[ABOUT THIS EXERCISE] Starting at the line that contains "Paleo Simple Recipes" and ending at the line that contains "The word 'llorar'", the lines below are to be given again exactly, with nothing added.
++++++++++
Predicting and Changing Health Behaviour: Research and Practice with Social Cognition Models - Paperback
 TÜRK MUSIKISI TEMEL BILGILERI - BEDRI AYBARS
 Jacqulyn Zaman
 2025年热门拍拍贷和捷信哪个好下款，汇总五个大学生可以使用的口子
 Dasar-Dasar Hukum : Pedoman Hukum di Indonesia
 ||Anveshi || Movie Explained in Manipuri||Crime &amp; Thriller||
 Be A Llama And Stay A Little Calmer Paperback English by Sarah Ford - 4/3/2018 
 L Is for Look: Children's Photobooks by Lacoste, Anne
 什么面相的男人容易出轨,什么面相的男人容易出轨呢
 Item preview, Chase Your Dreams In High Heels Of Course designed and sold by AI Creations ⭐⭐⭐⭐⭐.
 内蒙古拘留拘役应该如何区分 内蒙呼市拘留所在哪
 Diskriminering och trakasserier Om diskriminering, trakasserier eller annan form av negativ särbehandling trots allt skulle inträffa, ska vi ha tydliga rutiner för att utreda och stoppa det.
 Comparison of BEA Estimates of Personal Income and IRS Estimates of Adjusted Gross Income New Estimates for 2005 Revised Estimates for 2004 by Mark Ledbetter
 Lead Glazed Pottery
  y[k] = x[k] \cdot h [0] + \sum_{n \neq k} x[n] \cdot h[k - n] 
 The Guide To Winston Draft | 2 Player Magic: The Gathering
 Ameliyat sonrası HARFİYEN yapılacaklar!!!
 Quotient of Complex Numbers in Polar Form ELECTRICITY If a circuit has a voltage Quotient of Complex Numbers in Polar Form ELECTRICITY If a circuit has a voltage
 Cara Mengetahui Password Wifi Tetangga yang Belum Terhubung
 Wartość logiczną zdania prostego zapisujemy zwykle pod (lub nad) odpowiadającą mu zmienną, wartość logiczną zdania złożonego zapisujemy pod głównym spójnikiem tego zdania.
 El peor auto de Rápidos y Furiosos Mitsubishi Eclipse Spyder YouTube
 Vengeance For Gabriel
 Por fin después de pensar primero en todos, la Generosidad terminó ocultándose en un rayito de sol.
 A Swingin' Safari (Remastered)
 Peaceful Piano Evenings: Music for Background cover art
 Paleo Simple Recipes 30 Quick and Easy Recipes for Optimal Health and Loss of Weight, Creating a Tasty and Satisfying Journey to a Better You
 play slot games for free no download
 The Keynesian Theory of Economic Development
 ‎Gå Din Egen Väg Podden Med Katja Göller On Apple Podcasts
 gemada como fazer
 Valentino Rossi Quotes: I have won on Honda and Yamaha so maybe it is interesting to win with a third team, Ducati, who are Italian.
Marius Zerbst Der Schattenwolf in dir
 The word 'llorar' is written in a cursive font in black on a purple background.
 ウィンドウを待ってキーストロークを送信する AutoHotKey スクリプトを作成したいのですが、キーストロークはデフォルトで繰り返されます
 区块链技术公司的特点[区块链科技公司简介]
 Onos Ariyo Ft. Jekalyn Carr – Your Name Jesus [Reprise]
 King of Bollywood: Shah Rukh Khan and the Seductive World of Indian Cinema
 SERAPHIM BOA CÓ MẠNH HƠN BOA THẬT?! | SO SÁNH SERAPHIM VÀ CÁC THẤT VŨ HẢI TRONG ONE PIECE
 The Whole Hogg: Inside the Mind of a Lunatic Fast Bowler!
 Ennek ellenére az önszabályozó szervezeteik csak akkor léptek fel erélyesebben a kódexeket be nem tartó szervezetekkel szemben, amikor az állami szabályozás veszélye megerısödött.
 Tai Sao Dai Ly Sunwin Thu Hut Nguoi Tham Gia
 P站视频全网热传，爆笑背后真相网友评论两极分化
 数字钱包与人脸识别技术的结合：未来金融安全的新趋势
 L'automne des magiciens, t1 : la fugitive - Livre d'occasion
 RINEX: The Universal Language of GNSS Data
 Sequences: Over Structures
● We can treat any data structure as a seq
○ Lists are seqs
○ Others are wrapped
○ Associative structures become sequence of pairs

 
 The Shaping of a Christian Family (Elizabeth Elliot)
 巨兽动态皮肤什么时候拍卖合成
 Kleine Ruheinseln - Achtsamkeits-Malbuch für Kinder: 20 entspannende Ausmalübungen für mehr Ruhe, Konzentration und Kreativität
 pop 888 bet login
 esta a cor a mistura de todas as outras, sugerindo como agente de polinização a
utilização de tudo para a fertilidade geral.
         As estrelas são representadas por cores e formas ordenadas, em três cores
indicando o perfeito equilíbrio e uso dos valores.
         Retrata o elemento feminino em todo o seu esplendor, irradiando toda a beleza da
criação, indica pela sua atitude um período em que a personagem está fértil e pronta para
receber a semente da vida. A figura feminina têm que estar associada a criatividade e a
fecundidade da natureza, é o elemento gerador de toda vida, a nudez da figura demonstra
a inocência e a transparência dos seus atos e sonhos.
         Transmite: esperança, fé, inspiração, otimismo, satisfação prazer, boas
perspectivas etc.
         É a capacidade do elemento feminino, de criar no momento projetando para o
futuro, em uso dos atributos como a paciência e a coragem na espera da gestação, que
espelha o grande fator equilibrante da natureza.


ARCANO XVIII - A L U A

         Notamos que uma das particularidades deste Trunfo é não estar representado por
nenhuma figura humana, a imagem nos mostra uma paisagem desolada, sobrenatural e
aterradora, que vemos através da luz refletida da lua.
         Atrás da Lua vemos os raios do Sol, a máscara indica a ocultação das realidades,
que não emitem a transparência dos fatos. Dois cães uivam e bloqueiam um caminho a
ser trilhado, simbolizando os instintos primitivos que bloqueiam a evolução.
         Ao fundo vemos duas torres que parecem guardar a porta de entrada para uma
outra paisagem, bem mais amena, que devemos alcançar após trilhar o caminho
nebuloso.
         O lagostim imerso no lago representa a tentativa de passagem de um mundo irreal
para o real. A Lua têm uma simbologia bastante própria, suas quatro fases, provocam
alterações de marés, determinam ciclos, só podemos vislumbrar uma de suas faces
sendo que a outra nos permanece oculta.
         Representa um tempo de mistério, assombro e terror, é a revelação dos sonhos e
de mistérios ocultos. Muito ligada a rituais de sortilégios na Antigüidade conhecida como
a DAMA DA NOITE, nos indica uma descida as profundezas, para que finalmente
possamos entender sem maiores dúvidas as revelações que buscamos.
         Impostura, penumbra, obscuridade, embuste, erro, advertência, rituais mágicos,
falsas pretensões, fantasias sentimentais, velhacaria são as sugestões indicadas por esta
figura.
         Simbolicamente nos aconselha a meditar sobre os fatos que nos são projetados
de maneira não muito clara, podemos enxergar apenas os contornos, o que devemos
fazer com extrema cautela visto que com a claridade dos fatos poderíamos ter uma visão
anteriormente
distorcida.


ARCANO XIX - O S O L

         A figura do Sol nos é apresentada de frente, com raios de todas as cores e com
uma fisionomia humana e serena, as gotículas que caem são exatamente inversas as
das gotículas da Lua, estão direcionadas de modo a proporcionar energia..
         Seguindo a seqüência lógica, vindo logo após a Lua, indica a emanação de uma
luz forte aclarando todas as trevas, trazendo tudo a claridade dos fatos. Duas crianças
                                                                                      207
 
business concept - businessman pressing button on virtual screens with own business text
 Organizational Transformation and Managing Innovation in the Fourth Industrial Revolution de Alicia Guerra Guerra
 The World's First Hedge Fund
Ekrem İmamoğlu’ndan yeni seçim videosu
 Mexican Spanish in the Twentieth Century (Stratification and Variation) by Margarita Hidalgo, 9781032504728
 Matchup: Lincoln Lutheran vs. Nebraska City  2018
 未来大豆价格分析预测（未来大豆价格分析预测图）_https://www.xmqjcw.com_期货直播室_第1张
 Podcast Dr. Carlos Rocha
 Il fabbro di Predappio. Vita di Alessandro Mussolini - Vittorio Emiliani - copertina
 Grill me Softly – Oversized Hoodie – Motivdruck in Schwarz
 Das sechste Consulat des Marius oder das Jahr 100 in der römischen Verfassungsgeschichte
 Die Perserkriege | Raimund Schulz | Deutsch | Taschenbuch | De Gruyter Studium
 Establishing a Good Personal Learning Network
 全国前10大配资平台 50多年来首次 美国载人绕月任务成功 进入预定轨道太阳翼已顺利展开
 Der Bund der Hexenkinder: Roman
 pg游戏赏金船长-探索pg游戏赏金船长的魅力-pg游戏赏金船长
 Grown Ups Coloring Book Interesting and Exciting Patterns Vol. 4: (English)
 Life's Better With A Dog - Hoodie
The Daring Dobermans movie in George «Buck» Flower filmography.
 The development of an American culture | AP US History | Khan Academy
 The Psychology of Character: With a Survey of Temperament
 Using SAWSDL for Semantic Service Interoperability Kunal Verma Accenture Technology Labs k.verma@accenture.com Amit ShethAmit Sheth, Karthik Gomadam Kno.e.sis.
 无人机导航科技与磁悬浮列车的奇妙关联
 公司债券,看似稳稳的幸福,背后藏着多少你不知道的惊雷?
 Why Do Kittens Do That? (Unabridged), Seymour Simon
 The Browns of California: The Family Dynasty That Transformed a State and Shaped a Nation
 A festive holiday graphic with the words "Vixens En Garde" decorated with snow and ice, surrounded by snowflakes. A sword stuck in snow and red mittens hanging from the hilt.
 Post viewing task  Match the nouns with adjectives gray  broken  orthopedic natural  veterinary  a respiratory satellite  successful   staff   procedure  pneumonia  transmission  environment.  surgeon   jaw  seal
++++++++++
[TASK OUTPUT]
 Paleo Simple Recipes 30 Quick and Easy Recipes for Optimal Health and Loss of Weight, Creating a Tasty and Satisfying Journey to a Better You
 play slot games for free no download
 The Keynesian Theory of Economic Development
 ‎Gå Din Egen Väg Podden Med Katja Göller On Apple Podcasts
 gemada como fazer
 Valentino Rossi Quotes: I have won on Honda and Yamaha so maybe it is interesting to win with a third team, Ducati, who are Italian.
Marius Zerbst Der Schattenwolf in dir
 The word 'llorar' is written in a cursive font in black on a purple background.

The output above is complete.